Ter a consciência ou o conhecimento da necessidade é está incerido no processo libertário. O conhecimento é libertador, pois ajuda o ser humano a ter consciência das causa imanentes das coisas. Portanto, liberdade em Spinoza é o mover-se espontaneamente, levado pela força interna própria que se rege pelo determinismo. Esse conceito conservado desde Aristóteles, de que a liberdade é a causa de si (causa sui), é suscitada do período helenístico, mais precisamente do estoicismo, de onde Espinosa busca o termo.
É num rápido passeio pela filosofia estóica, que logo se percebe semelhanças com a ética de Spinoza. Embora os estóicos não estejam pensando em um sistema ético, chegaram a conclusões semelhantes às de Spinoza. Uma delas é o determinismo fortemente notório na ética espinosista. Mas aqui surge uma aporia que precisa ser solucionada, como pensar a liberdade em uma filosofia determinista? Como conceber o homem livre se o máximo que esse homem pode fazer é aceitar a realidade para ser feliz? Eis aqui um ponto crucial e de extrema complicação na ética de Spinoza. Os estóicos achavam que deveriam aceitar todos os fatos da vida com tranqüilidade e sem dar margem ao sentimentalismo ou as paixões. No entanto, só há liberdade no homem naquilo que lhe é inerente. Ou seja, só há a verdadeira liberdade quando o homem se deixa levar pelas determinações exteriores. Um exemplo faz-se necessário aqui. Pensando do ponto de vista marxista, no contexto dos conflitos de classe, e dos problemas de desigualdades sociais, Spinoza admitiria que as circunstancias políticas e sociais poderão exercer fortes influencias na vida das pessoas, mas somente se elas exercerem naturalmente as possibilidades que lhes são próprias e determinadas, só assim serão verdadeiramente livres e felizes. No entanto, liberdade é viver conforme a natureza, e não podendo viver livremente sem essa compreensão, eis ai o salto para sua teoria da liberdade.
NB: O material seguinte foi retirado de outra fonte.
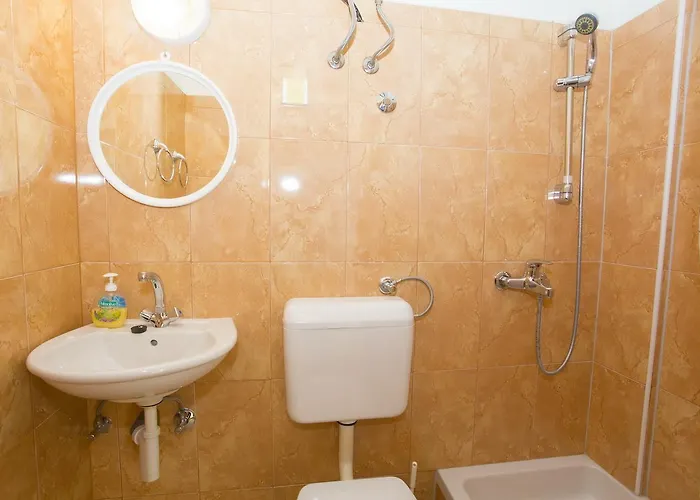 Blazevic Apartment Makarska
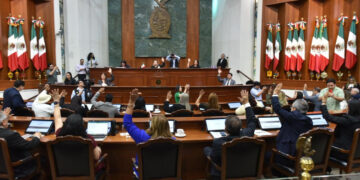 Congreso de Sinaloa refuerza marco legal para prevenir el embarazo adolescente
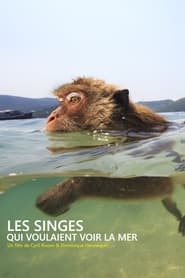 Les singes qui voulaient voir la mer' Poster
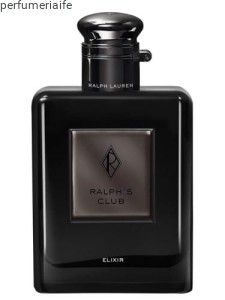 RALPH LAUREN RALPH'S CLUB ELIXIR EDP 75 ML TESTER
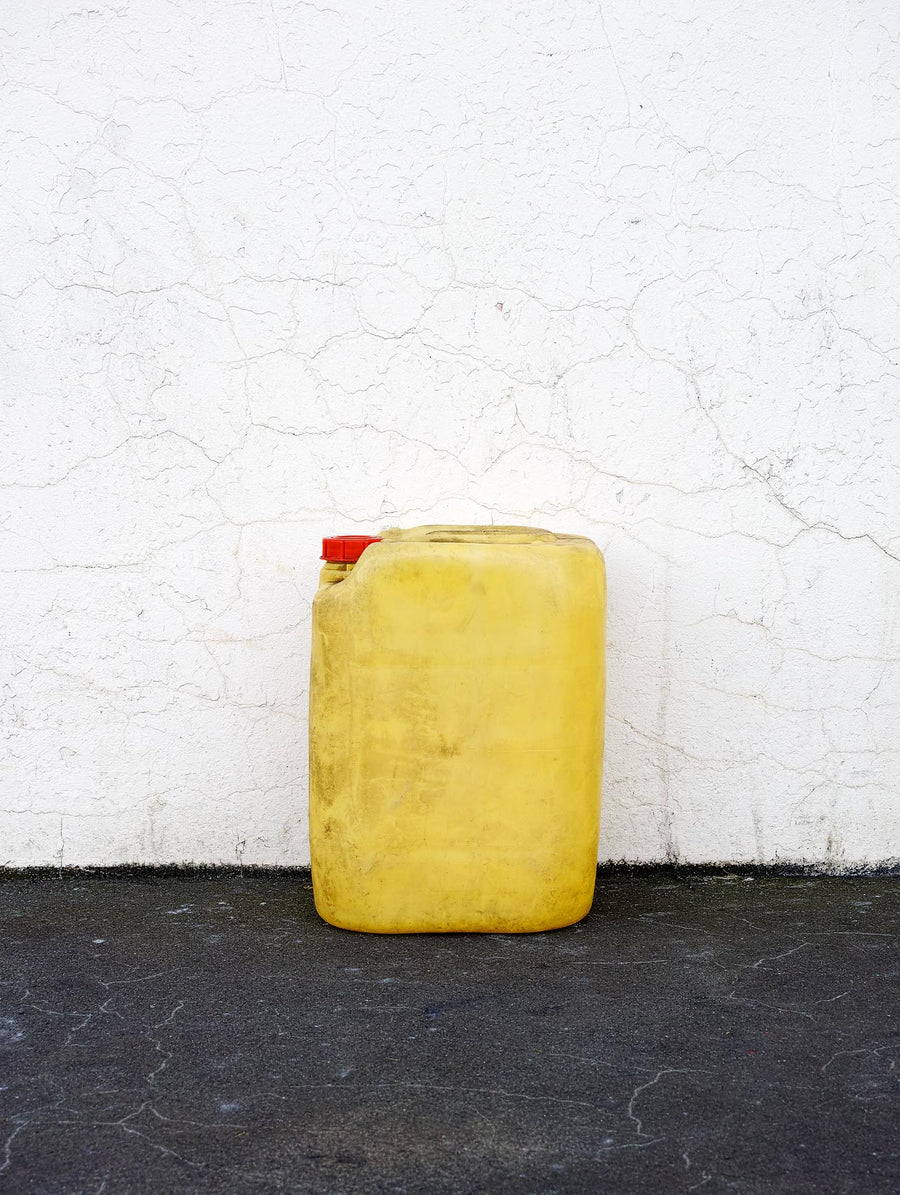 Jerry Can, Iceland - Christian Fletcher Gallery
4. DA SUBSTÂNCIA À TEORIA DA LIBERDADE

O grande salto pra liberdade é a consciência de que tudo acontece por determinação, porque tem que acontecer, só assim chega-se a compreensão do todo, da natureza. Essa consciência pode ser prejudicada, como na maioria das vezes o é, pelas paixões, que arrebata o homem da felicidade, fazendo-o desejar, por exemplo, o prazer por algo que conseguinte não está determinado e que nunca acontecerá trazendo desilusões e incompreensões na vida. O homem na sua falta de “consciência da necessidade” afasta-se da liberdade e prende-se ao engano do que não pode acontecer, inventando assim razões que não corresponde à realidade. A res cogitans aparece como uma dynamis, que conduz o homem a compreender a natureza e obter a liberdade.
Sua teoria da liberdade é inteiramente intrínseca a seu entendimento de Deus, ou natureza. Uma vez que só a substância é plenamente livre, e o ser humano está inserido nessa substancia, tudo acontecerá por ordem da mesma, que ordena e constrói. A consciência que entende ser um com a natureza dá um grande passo para liberdade de fato. Essa liberdade afasta-se do livre-arbítrio e vê no fenômeno o efeito mecânico das leis que são invariáveis. Spinoza, com um único golpe derruba das nuvens o “marioneteiro” que dirige do céu sua criação e o arrasta para o ente. À semelhança do que Aristóteles faz com Platão trazendo o Ser para as coisas, Spinoza faz com as tradições judaica e cristã. É isso que ele chama de ver as coisas “sob a perspectiva da eternidade” (sub specie aeternitatis).
A consciência da necessidade é a base para felicidade e para a liberdade, a percepção dos efeitos é entendida de forma imanente as causas, que tudo é de acordo com sua própria potência, e só entendendo isso é que o homem se liberta das causa externas. Essas causas externas por sua vez, interagem com o homem expressando o próprio ser. Isso é o abrir-se a vida é aumentar sua potência para agir.

5. CONCLUSÃO

Por fim, poder-se-á afirmar a essa altura, que a ética de Espinosa se sustenta sobre uma forte concepção ontologia e epistemológica. É ontológica quando se compreende a ética imanente a essa natureza como processo determinante na própria existência. Epistemológica no campo da liberdade, pois só é possível viver livremente quando se compreende a si mesmo como parte da natureza:


“Sua ética é imanente à construção dos entes, implicada na própria natureza das coisas, fundamentando-se assim na ontologia mas também, e por conseguinte, em uma epistemologia: pois que para vivenciarmos a liberdade humana, é preciso compreendermos a nós próprios e à natureza”[9].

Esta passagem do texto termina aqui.